The Hypertext Transfer Protocol (HTTP) is by design a stateless protocol. To build effective Web applications, it is imperative that requests from a particular client be associated with each other. Many strategies for session tracking have evolved over time, but all are difficult or troublesome for the programmer to use directly.

Dispatching Requests

When building a Web application, it is often useful to forward processing of a request to another servlet, or to include the output of another servlet in the response. The RequestDispatcher interface provides a mechanism to accomplish this.

Application Lifecycle Events

The application events facility gives the Web Application Developer greater control over the lifecycle of the ServletContext and HttpSession and ServletRequest, allows for better code factorization, and increases efficiency in managing the resources that the Web application uses.

Security

Web applications are created by Application Developers who give, sell, or otherwise transfer the application to a Deployer for installation into a runtime environment. Application Developers need to communicate to Deployers how the security is to be set up for the deployed application. This is accomplished declaratively by use of the deployment descriptors mechanism.

Deployment Descriptor

This chapter specifies the JavaTM Servlet Specification version 2.5 requirements for Web container support of deployment descriptors. The deployment descriptor conveys the elements and configuration information of a Web application between Application Developers, Application Assemblers, and Deployers.

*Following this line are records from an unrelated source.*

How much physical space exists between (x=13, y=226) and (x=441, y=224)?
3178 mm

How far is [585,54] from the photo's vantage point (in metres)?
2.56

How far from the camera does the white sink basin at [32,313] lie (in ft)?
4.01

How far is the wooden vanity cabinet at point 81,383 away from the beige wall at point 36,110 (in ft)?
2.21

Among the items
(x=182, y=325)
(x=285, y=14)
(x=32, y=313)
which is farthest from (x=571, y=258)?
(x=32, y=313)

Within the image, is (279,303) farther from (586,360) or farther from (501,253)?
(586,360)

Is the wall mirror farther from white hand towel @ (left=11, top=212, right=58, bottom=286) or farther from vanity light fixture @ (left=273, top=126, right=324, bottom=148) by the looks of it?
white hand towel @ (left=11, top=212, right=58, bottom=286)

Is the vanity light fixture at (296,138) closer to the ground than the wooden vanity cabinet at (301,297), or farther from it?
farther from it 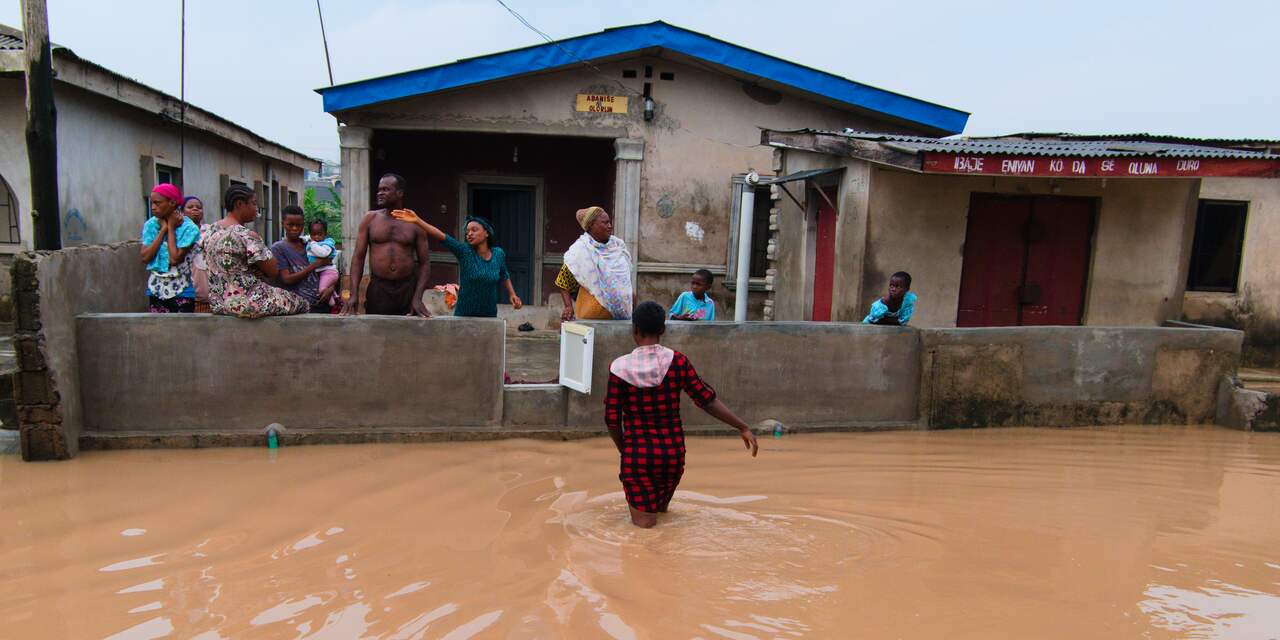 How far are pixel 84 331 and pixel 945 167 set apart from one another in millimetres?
6844

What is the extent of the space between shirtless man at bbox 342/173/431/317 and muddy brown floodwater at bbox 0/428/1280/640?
112cm

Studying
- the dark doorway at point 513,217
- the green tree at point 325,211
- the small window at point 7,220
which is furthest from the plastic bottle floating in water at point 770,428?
the green tree at point 325,211

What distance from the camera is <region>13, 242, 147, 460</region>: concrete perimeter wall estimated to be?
16.8 feet

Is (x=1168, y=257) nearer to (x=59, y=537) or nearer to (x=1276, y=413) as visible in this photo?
(x=1276, y=413)

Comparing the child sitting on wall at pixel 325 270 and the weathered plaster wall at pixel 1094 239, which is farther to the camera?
Answer: the weathered plaster wall at pixel 1094 239

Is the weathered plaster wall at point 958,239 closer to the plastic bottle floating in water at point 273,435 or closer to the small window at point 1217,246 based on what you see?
the small window at point 1217,246

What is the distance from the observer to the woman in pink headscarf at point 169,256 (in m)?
6.56

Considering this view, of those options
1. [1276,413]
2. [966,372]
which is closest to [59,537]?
[966,372]

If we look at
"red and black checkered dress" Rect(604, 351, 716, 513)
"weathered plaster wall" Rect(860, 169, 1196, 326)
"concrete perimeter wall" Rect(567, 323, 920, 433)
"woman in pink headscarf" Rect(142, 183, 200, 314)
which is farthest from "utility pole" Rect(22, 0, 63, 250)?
"weathered plaster wall" Rect(860, 169, 1196, 326)

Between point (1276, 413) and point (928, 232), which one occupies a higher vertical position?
point (928, 232)

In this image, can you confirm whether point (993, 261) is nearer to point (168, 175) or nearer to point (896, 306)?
point (896, 306)

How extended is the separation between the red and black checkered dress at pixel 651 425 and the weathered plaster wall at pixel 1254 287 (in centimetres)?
1007

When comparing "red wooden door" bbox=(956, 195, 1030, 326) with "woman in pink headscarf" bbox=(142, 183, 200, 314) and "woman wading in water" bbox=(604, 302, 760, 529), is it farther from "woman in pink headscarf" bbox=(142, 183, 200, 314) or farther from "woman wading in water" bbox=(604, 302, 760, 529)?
"woman in pink headscarf" bbox=(142, 183, 200, 314)

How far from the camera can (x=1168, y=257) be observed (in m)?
9.52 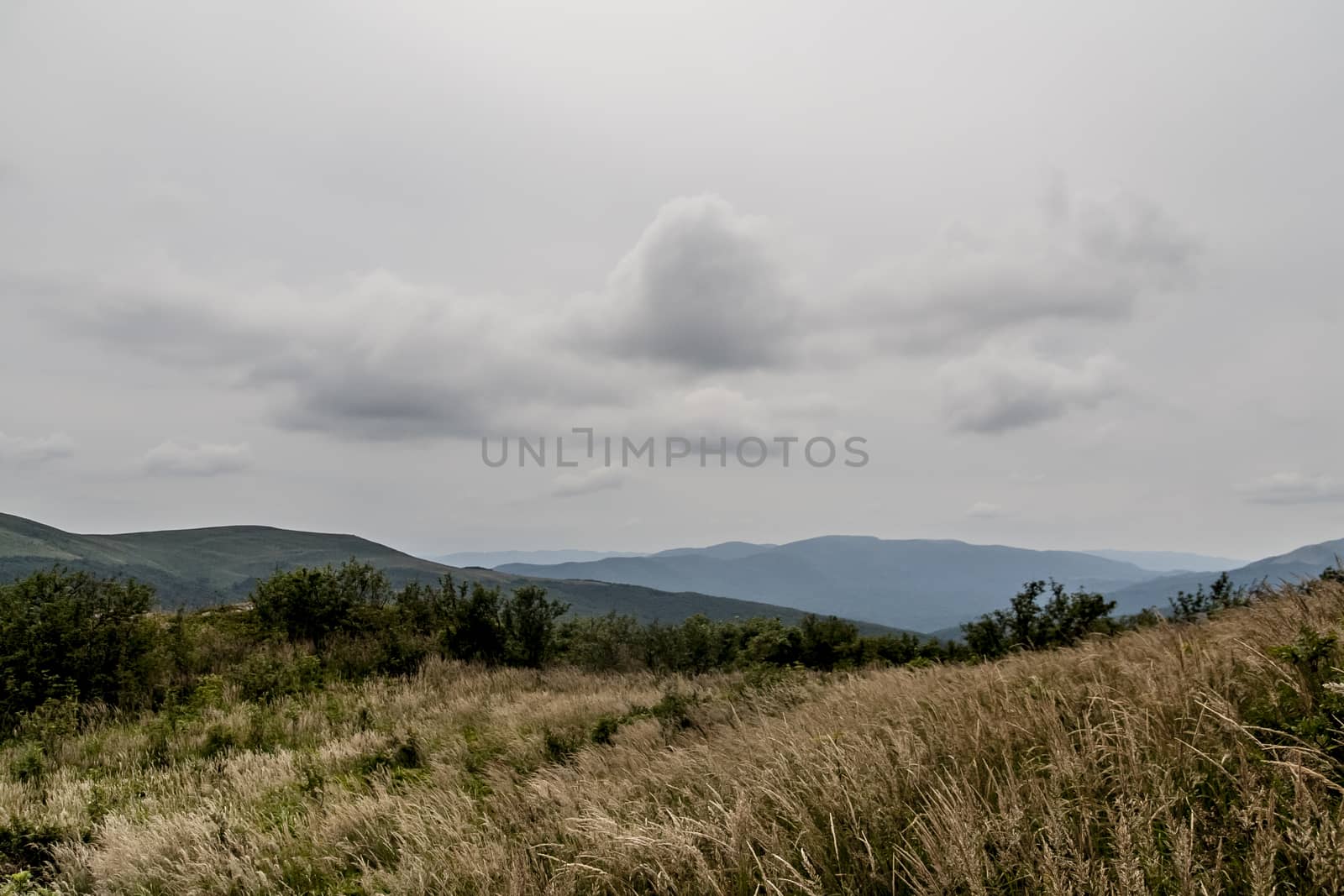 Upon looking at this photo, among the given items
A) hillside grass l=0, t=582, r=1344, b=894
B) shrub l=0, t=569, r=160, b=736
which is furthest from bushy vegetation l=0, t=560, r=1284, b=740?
hillside grass l=0, t=582, r=1344, b=894

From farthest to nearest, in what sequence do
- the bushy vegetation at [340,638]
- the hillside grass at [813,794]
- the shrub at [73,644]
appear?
the bushy vegetation at [340,638] < the shrub at [73,644] < the hillside grass at [813,794]

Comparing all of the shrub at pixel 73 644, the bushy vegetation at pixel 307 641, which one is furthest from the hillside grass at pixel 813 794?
the bushy vegetation at pixel 307 641

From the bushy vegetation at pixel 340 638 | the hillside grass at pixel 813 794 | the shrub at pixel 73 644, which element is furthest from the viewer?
the bushy vegetation at pixel 340 638

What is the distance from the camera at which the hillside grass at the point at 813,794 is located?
2.97 meters

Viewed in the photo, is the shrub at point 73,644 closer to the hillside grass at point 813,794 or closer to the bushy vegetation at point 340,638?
the bushy vegetation at point 340,638

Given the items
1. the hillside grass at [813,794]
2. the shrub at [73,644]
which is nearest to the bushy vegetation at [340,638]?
the shrub at [73,644]

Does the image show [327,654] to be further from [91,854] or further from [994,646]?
[994,646]

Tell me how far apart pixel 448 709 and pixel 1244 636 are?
41.2 feet

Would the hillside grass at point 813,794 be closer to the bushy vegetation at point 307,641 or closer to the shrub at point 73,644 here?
the shrub at point 73,644

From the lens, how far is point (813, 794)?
4414mm

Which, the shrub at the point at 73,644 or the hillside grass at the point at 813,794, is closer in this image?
the hillside grass at the point at 813,794

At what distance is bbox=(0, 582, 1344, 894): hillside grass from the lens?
2.97 meters

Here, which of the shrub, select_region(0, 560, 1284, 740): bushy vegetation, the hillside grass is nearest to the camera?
→ the hillside grass

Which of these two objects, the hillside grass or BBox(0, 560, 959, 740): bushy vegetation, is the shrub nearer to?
BBox(0, 560, 959, 740): bushy vegetation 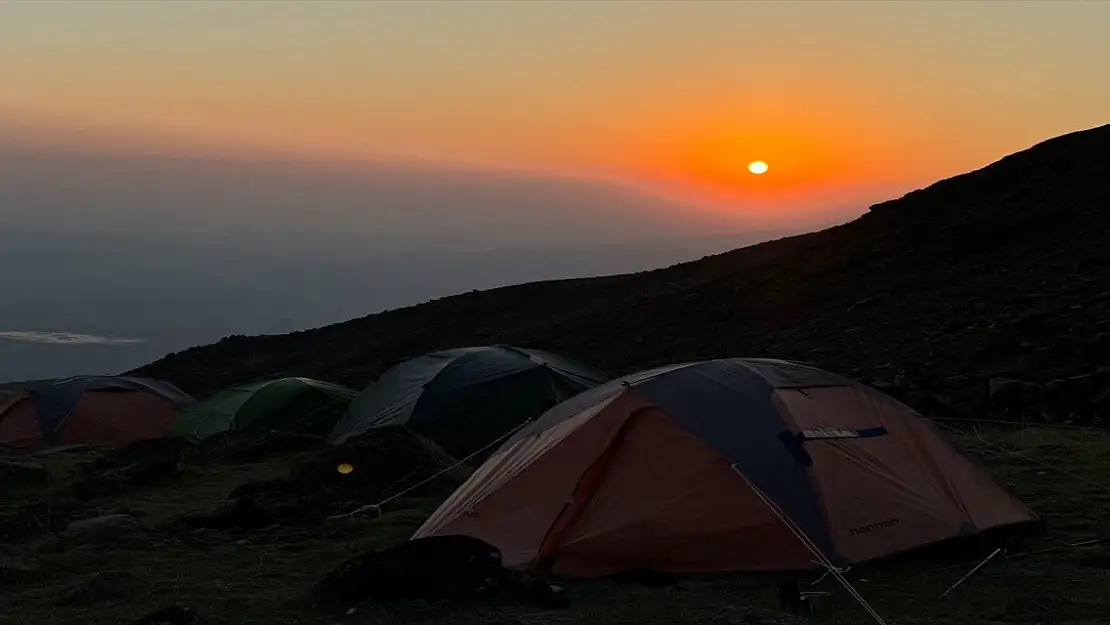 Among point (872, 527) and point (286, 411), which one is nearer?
point (872, 527)

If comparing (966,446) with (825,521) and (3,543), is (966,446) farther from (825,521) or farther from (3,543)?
(3,543)

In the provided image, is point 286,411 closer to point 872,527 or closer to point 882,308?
point 872,527

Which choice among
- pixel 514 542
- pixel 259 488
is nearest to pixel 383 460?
pixel 259 488

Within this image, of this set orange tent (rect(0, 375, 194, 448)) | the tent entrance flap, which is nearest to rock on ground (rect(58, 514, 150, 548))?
the tent entrance flap

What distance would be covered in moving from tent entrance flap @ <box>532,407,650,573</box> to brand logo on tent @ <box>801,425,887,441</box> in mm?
1223

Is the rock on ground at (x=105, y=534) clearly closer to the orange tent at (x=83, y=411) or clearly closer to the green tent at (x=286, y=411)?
the green tent at (x=286, y=411)

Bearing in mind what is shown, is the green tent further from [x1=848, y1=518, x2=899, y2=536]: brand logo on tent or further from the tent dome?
[x1=848, y1=518, x2=899, y2=536]: brand logo on tent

For Java Servlets v.2.4 and greater, the deployment descriptor is defined in terms of an XML schema document. For backwards compatibility of applications written to the 2.2 version of the API, Web containers are also required to support the 2.2 version of the deployment descriptor. For backwards compatibility of applications written to the 2.3 version of the API, Web containers are also required to support the 2.3 version of the deployment descriptor. The 2.2 and 2.3 versions are defined in the appendices.